- Born: 16 March 1947 (age 79)
- Education: Indraprastha College for Women
- Occupation: News anchor at Doordarshan
- Years active: 1967–2005
- Spouse: Aamir Kidwai
- Children: 2

= Salma Sultan =

Indian television journalist and director

Salma Sultan (born 16 March 1947) is an Indian television journalist and director. Having worked as a news anchor in Doordarshan from 1967 till 1997, she later went into directing television shows. Sultan had initiated a trend-wearing a signature rose tucked under her left ear in her hair, and draping the border of her sari around her neck in a modern yet traditional way. It was later picked up by almost all the women newsreaders.

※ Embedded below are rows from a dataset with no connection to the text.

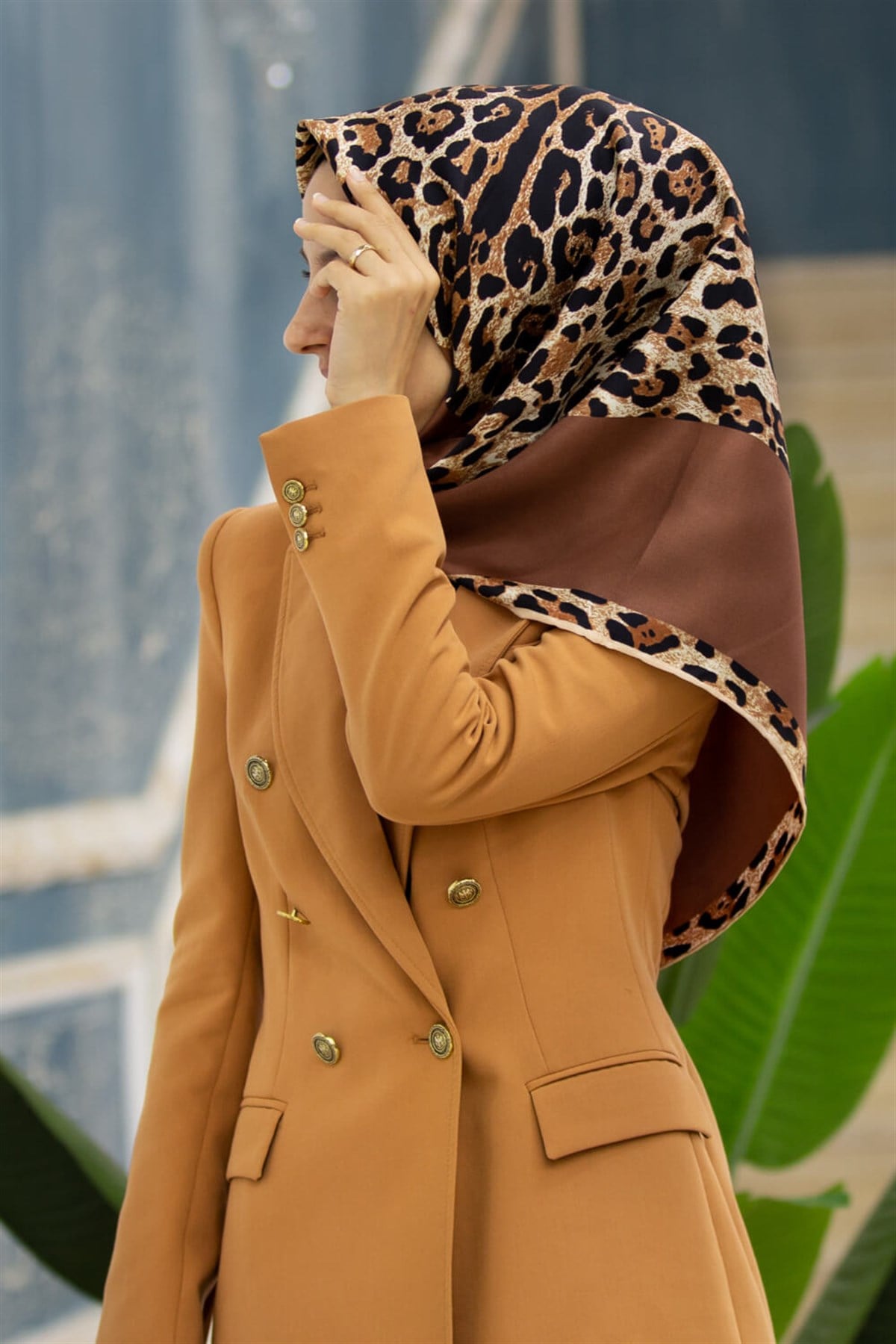 %100 Twill İpek Leopar Desenli Sütlü Kahve Renkli 90x90 Eşarp Dikim Şekli : El Dikişi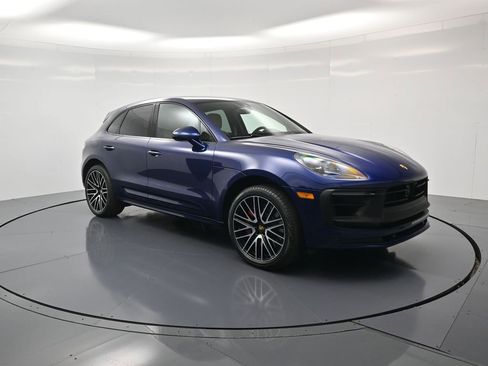 Used 2026 Porsche Macan GTS AWD/4WD image 32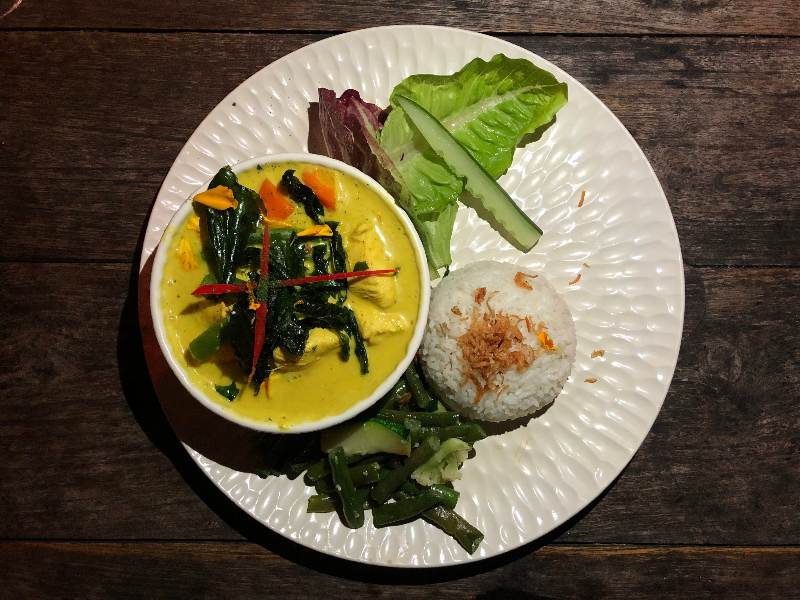 Plato Bali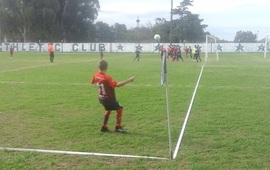 "Pikantitos" y "Gatitos" se enfrentaron por una nueva fecha de la Liga Regional del Sud.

==Early life and education==

Salma Sultan was born as second child to scholar and secretary in the Ministry of Agriculture, Mohammed Asghar Ansari, and a homemaker mother. Salma had an elder sister Maimoona Sultan (a four-time Congress Member of Parliament from Bhopal). Salma and Maimoona were great-great-granddaughter of Shah Shuja of Afghanistan. Salma did her schooling and graduation from Bhopal. She did her post graduation in English from Indraprastha College for Women, Delhi and simultaneously gave audition for an announcer on Doordarshan at the age of 23.

==Career==

Pratima Puri and Gopal Kaul were regular faces then in Doordarshan, which started its operations on 15 September 1959. Doordarshan began a 5-minute news bulletin in 1965. Salma Sultan gave the first news of assassination of Indira Gandhi on Doordarshan's evening news on 31 October 1984, more than 10 hours after she was shot.

===As director===
After her retirement, Salma Sultan moved to directing serials on social topics for Doordarshan under her production house Lensview Private Limited. Her serials Panchtantra Se, Suno Kahani, Swar Mere Tumhare and Jalte Sawal drew attention. Panchantra Se used to be telecast soon after Mahabharata in 1989 and did very well. Jalte Sawal was a serial on women issues, which was telecasted in 2004 on DD News on Sundays at 11 a.m.

==Personal life==
Salma Sultan is widow of Aamir Kidwai, who worked for Engineers India (EIL). Sultan's son Saad Kidwai is an Income Tax Commissioner and her daughter Sana is a choreographer. Salma has two grandchildren. Saad Kidwai is married to Geti Khan Kidwai (born 1978), a designer and they have two children- Samar and Mehar. Saad and Geti are now settled in BRS Nagar, Ludhiana.